> **What the exercise asks**: Everything in the listing below should be repeated exactly, apart from the pictures.

Segment Start: Data

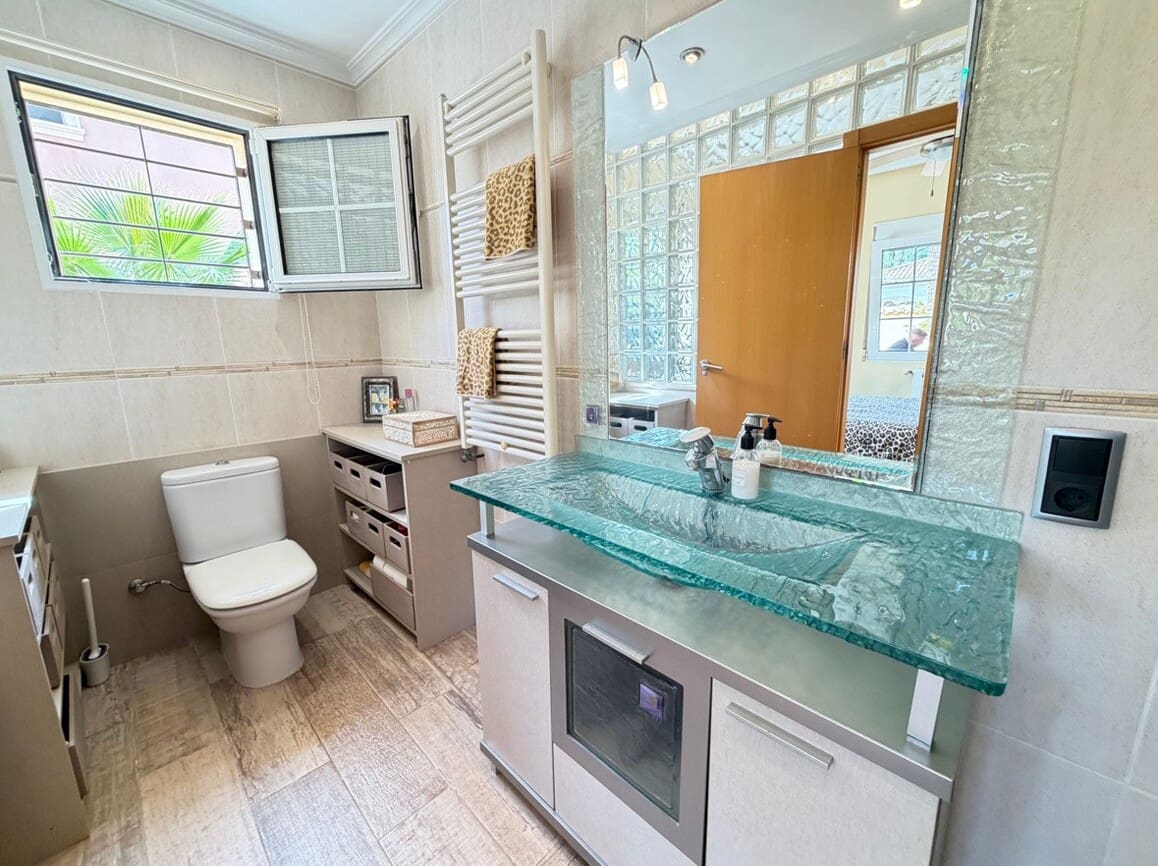 4 chambre Villa/Maison à vendre à Cabo Roig avec piscine garage - 749 000 € (Ref: 10172581)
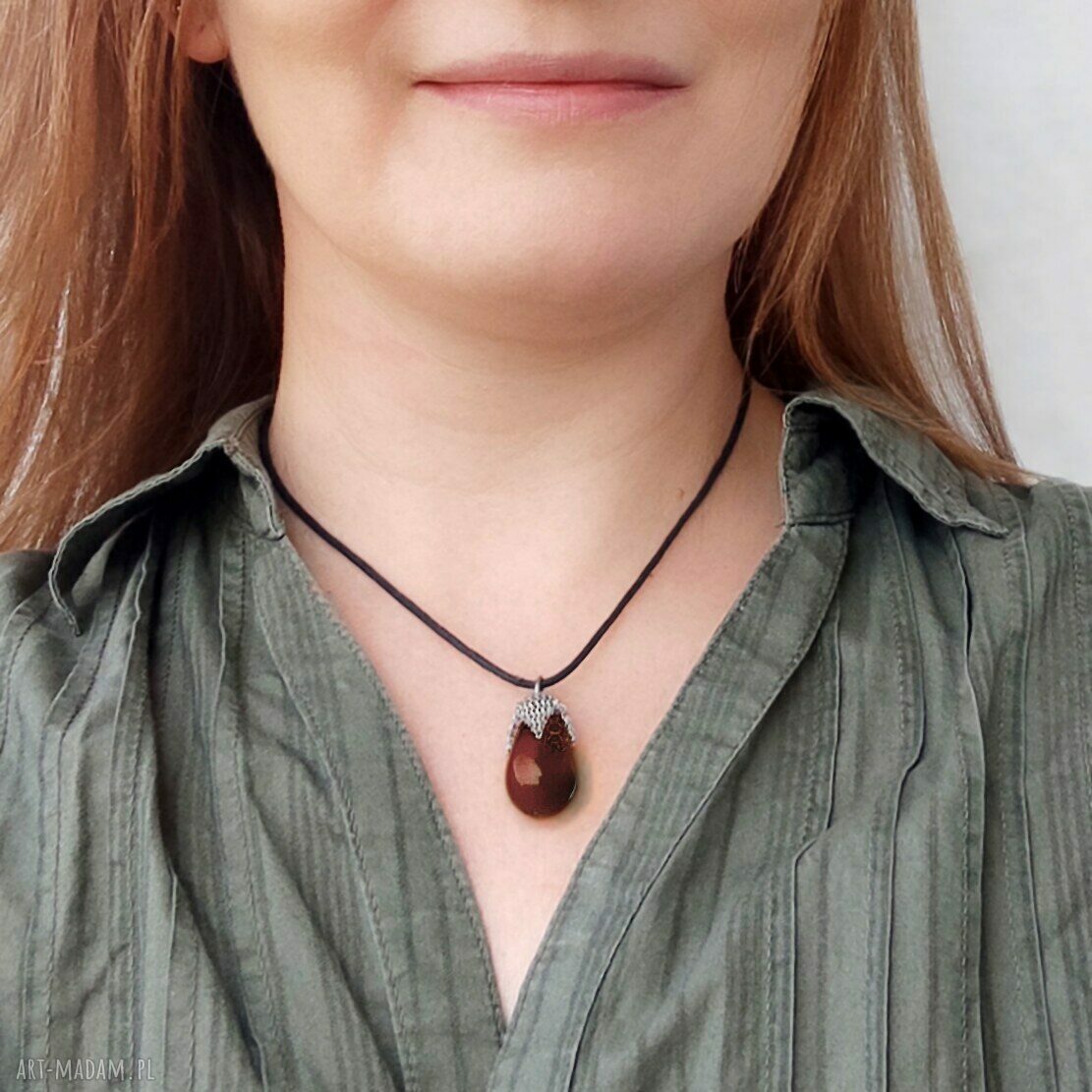 Brązowy wisior XL z szklanej kropli w metalowej siateczce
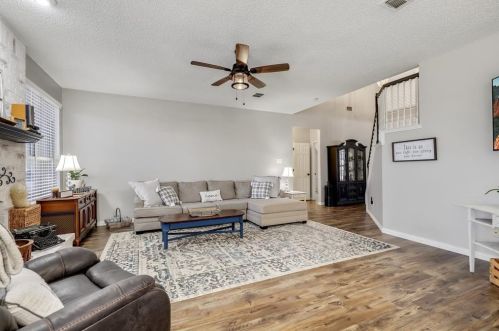 225 Waterford Oaks Dr, Cedar Hill TX 75104-2324 exterior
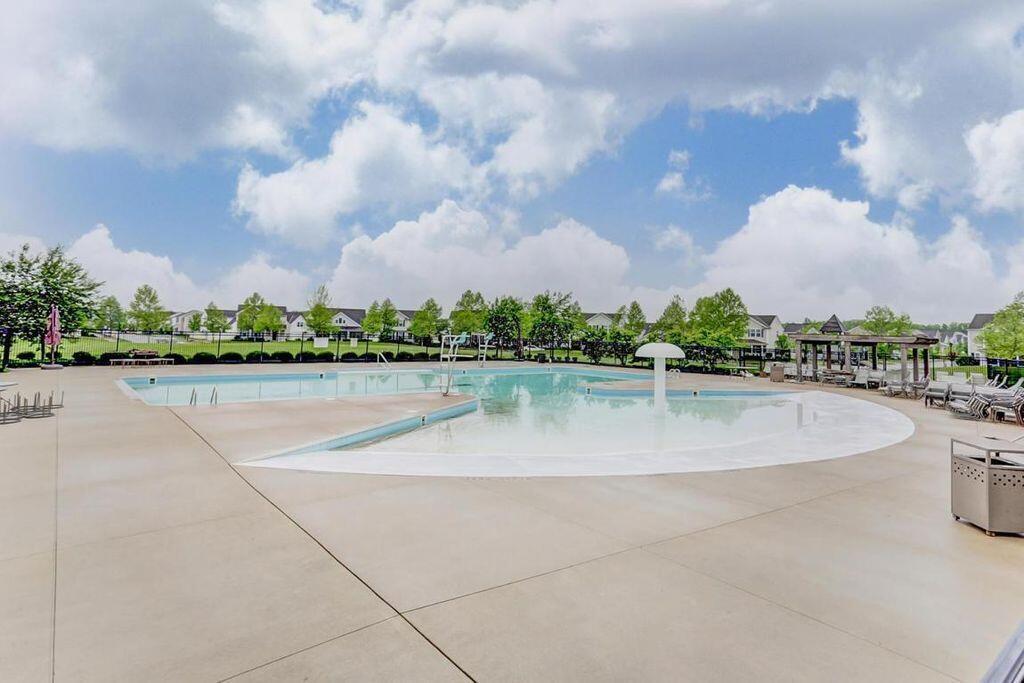 6030 Carlatun Street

Segment End: Data

> **Exercise result**:
 4 chambre Villa/Maison à vendre à Cabo Roig avec piscine garage - 749 000 € (Ref: 10172581)
 Brązowy wisior XL z szklanej kropli w metalowej siateczce
 225 Waterford Oaks Dr, Cedar Hill TX 75104-2324 exterior
 6030 Carlatun Street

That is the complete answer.